◆ **Exercise requirements**:
Check each line of the listing below for the string "London", and copy the ones that have it.

◆ **Given data**:
──────────
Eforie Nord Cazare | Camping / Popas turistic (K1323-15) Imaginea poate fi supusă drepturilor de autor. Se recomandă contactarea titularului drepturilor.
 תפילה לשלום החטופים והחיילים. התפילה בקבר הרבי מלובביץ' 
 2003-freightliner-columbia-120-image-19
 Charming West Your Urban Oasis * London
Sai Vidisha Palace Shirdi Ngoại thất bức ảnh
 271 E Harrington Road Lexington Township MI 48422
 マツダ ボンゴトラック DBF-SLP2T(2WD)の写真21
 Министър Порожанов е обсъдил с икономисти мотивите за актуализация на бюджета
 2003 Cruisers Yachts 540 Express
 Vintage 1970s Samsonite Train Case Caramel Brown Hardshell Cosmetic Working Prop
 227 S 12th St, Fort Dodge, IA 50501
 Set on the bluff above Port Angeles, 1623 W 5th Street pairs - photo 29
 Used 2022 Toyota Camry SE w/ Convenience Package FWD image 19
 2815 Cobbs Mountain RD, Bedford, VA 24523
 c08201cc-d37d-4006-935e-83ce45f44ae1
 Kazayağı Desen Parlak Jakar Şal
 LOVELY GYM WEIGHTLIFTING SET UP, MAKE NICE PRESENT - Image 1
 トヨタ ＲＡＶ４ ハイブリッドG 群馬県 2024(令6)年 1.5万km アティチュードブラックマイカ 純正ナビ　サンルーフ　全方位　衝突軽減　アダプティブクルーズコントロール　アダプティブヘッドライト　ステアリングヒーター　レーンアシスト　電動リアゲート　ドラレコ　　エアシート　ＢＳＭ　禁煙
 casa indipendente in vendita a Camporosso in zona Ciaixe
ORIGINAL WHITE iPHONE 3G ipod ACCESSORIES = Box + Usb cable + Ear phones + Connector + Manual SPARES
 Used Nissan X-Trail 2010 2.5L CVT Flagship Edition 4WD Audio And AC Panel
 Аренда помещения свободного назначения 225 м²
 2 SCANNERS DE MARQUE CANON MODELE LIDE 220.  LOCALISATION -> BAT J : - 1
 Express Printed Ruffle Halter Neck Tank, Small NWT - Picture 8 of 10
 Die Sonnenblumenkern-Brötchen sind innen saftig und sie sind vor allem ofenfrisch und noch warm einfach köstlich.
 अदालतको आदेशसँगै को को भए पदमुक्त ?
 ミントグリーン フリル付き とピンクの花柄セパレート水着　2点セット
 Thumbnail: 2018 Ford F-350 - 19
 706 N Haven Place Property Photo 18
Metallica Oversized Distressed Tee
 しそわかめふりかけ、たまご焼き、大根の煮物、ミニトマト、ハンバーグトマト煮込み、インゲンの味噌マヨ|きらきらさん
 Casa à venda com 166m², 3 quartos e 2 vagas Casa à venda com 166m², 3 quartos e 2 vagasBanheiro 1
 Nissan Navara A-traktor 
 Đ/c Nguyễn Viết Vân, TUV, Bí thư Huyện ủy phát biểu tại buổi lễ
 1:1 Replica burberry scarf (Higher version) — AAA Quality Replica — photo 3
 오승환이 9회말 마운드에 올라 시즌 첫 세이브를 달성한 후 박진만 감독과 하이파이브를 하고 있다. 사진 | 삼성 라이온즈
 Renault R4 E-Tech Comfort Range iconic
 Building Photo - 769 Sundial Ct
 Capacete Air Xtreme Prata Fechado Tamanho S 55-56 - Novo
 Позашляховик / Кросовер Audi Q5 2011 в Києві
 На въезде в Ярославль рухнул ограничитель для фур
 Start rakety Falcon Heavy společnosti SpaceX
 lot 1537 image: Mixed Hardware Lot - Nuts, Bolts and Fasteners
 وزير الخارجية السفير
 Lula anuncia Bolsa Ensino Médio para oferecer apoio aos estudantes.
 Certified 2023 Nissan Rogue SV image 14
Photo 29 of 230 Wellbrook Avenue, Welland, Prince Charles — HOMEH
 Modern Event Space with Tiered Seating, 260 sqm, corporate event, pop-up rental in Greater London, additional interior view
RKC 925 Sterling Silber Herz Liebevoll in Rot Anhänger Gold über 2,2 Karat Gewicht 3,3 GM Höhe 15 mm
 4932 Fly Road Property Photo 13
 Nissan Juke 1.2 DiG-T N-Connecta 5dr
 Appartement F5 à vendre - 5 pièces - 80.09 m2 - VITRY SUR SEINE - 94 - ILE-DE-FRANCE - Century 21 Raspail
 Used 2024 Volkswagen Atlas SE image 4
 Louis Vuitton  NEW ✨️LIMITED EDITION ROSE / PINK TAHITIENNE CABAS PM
──────────
◆ **Task result**:
 Charming West Your Urban Oasis * London
 Modern Event Space with Tiered Seating, 260 sqm, corporate event, pop-up rental in Greater London, additional interior view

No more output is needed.